Graphene Hall-effect nanosensors to optimise high current superconducting tapes for applications in 'smart' power grids

Rapid population growth and societal developments are placing increasing stress on the environment and have led to intensified demands for the realisation of new technologies. A pressing example is the threat from climate change. While this issue can in part be tackled by adopting renewable energy sources (e.g. offshore windfarms), these are often remote with heavy losses in energy during transmission. This problem can be addressed by implementing 2nd generation high temperature superconducting (2G-HTS) tapes for power transmission. However, maximising the current-carrying capacity of these requires optimisation of defect densities for the pinning of magnetic vortices without degrading the critical temperature below which the tapes operate.

More often than not, advances in such technologies have emerged alongside the development of superior measurement and sensing instrumentation. Working with partners Nanomagnetic Instruments Ltd, this project seeks to exploit the benefits of the novel materials, graphene and h-BN, to produce advanced Hall sensors to be incorporated in scanning probe microscopes. These can be used to accurately map magnetic fields and characterise current flows around microscopic material defects with resolution down to the nanoscale.
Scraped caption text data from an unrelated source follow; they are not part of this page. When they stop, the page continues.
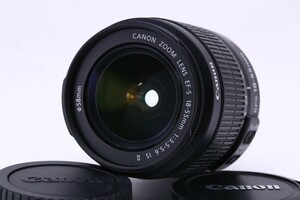 【超美品】キヤノン Canon EF-S 18-55mm F3.5-5.6 IS II #13003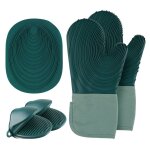 Mitaines de four en silicone, supports de casserole r�sistants a la chaleur, a pince, gants etanches, ...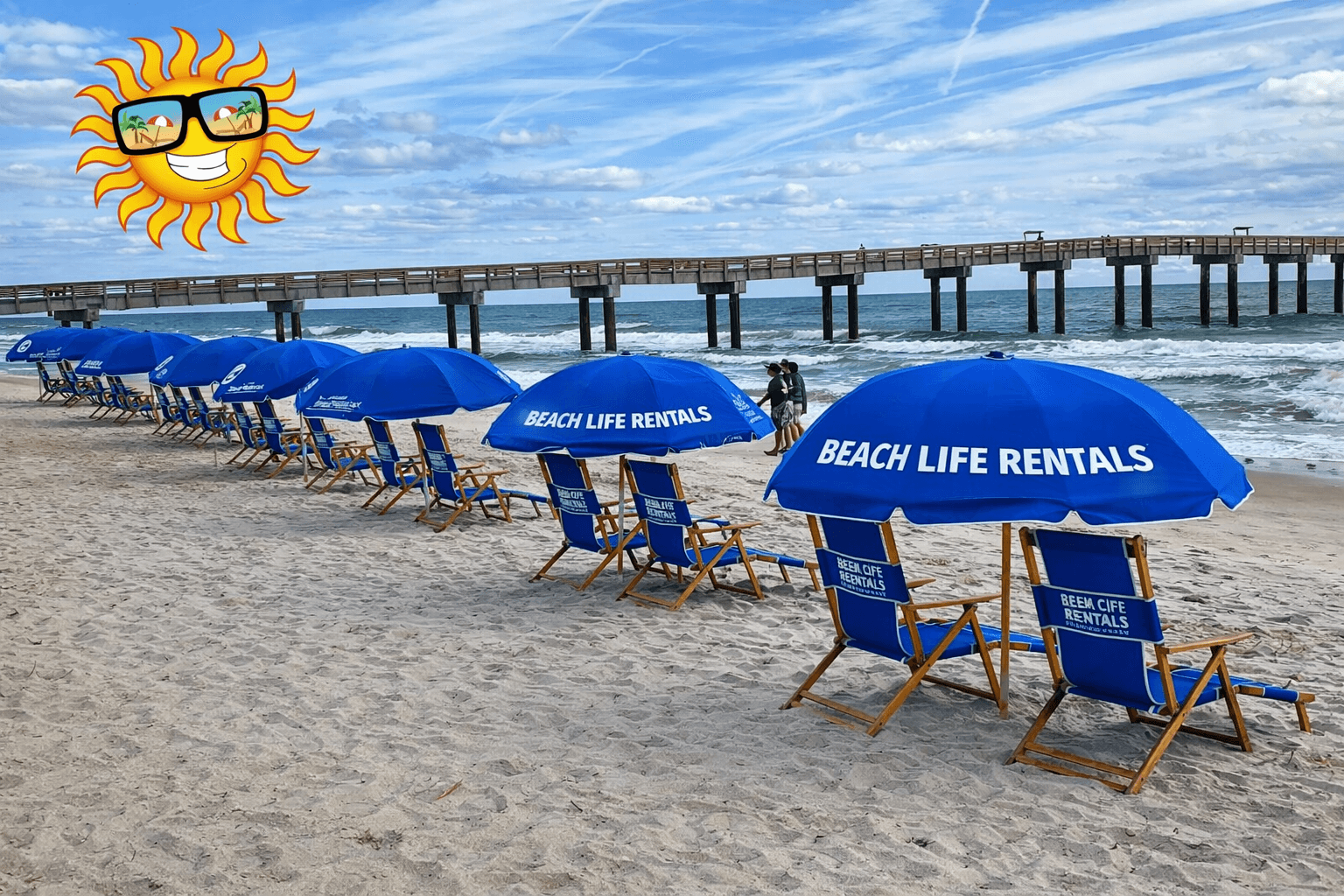 Full-Week Beach Chair & Umbrella Setup in Jacksonville Beach — Delivered & Installed photo 3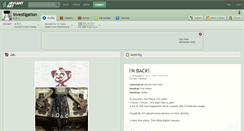 Desktop Screenshot of investigation.deviantart.com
The encapsulation of graphene in h-BN boosts the sensor’s capabilities by greatly increasing the carrier mobility and reducing unwanted 1/f noise for maximum signal-to-noise ratios. In the course of this project, these new scanning Hall probes will be exploited to drive forward the optimisation of the aforementioned 2G-HTS tapes, working together with tape manufacturers from China (Shanghai Superconductor) and the USA (AMSC).
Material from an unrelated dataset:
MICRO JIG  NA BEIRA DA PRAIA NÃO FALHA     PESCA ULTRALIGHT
Additionally, the project aims to develop sensors for susceptometry by integrating them with microscopic magnetic field coils. These can be implemented in the process control of additive manufacturing systems, for instance, to map defects in manufactured samples. We will work with partners Renishaw, who are interested in monitoring their metal powder bed fusion technologies. The same approach can also be used in other industries/sectors, for example in the routine characterisation of ferromagnetic data storage media.

Ahmet Oral
Ahmet Oral
supervisor

Prof. Ahmet Oral was born in 1965 and obtained his B.S. degree in Electronics in 1987 from METU and PhD in Physics from Bilkent University, Ankara, Turkey in 1994. He has built the first Scanning Tunnelling Microscope(STM) in Turkey in 1989 during his MSc. thesis. He has also built the first UHV-STM in Turkey, during his PhD thesis. Dr. Oral spent 5.5 years in Bath and Oxford as post-doc, working on Scanning Hall Probe & Atomic Force Microscopes, before returning to Bilkent in 1999 as a faculty member. He is recipient of M. Parlar Young Scientist Award in 1993, Violette and Samuel Glasstone Research Fellowship in Science in 1998 and TÜBİTAK Young Scientist Award in 2002. He worked at Bilkent as Assistant, Associate and full professor between 1999-2008. He was a full professor at Sabanci University between February 2008 and April 2013. He was elected Associate Member of Turkish Academy of Sciences(TÜBA) in 2001 and Full Member in 2009. He resigned in 2011 from TÜBA. He is one of the founding members of The Academy of Science, İstanbul, Turkey in 2011. Dr. Oral is also the founder of NanoMagnetics Instruments Ltd. Oxford, U.K., NanoManyetik Bilimsel Cihazlar and NanoSis in Ankara, Turkey and NanoMagnetics Instruments USA, Manufacturing Scanning Hall Probe Microscopes, micro and nano-Hall sensors, Atomic Force Microscopes, Magnetic Force Microscopes & Scanning Probe Microscopes at a wide temperature range (10mK-300K). He has 60 technical publications in ISI cited journals and two book chapters. He has been a Professor in at the Physics Department in Middle East Technical University (METU) since April 2013.